Dostoievski, Journal d’un écrivain
« Il y a trois cents ans que la Russie aspire à se confondre avec l’Occident de l’Europe, qu’elle tire de là toutes ses idées les plus sérieuses, tous ses enseignements les plus féconds, toutes ses jouissances les plus vives. »
Tchaadeiev (1794-1856)
« La Russie est un pays européen qui nourrit des sentiments amicaux envers les autres. Une paix stable sur le continent est pour notre pays le but principal. »
Vladimir Poutine, discours au Bundestag, 25 septembre 2001

Les Russes sont-ils des Européens ? C’est une vieille histoire qui pourrait aboutir plus tôt que certains le souhaiteraient. Depuis des siècles, elle taraude une âme russe déchirée entre ses passions pour les lettres françaises et son mode de gouvernement autoritaire mâtiné de « despotisme asiatique ». Écartelés entre Europe et Asie, les Russes se sont toujours vus comme des « hybrides », des « Scythes aux yeux bridés » selon les constatations fatalistes du poète Blok à la veille de la révolution bolchevique.
La Russie entretient avec l’Europe, depuis toujours, des rapports complexes. D’une part elle appartient pleinement à l’Europe et son histoire est jalonnée par des réaffirmations régulières de cette appartenance ; d’autre part elle a souvent été tentée ou obligée de se tenir en marge de l’Europe.

Sa position géographique illustre cette ambiguïté : elle fait d’elle aussi bien une possible zone frontière entre l’Europe et l’Asie que le pivot d’un ensemble eurasiatique.

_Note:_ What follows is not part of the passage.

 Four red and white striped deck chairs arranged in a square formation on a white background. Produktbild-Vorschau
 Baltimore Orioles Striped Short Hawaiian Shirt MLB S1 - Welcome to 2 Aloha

Mais avec ses 100 millions d’Européens à l’ouest de l’Oural, la Russie du XXIe siècle est européenne par ses hommes, le centre de gravité de sa population et le positionnement de Moscou, sa capitale, son centre de décision en Europe ! Plus de 6 000 km séparent Vladivostok de Moscou qui est à seulement 1 700 km de Berlin ! Et pourtant, tout voyageur ayant atterri en Asie à Vladivostok a encore le sentiment d’être en Europe ; la jeunesse locale de Vladivostok regarde davantage vers l’ouest que vers la Chine. Vladivostok, c’est donc bien l’Europe en Asie, de même qu’en Asie, l’Européen, c’est le Russe ! La Russie dont la tête penche vers l’Atlantique et qui souhaite s’arrimer à l’Europe est donc fondamentalement européenne !

La Russie, tout comme la France, tire son nom d’un peuple nordique européen

Le premier État russe est né d’une union entre Slaves et Varègues, c’est-à-dire ces Scandinaves qui, pendant que leurs frères Viking harcelaient l’Europe occidentale, se sont enfoncés dans les forêts et les steppes d’Europe orientale, le long des voies d’eau. La Russie est donc européenne à l’origine par ses fleuves. Les Varègues ont fait du commerce jusqu’à Byzance, à partir du Ve siècle après Jésus Christ, et avaient des comptoirs dans la région de Kiev. Dans une chronique du XIVe siècle, le moine Nestor écrit que « les Slaves incapables de se gouverner demanderont aux Varègues de leur « donner des chefs » ». On pense aujourd’hui que le mot « Rus » pourrait descendre du mot suédois « Rhos » ou « Rhus » qui veut dire « roux », en référence aux Varègues.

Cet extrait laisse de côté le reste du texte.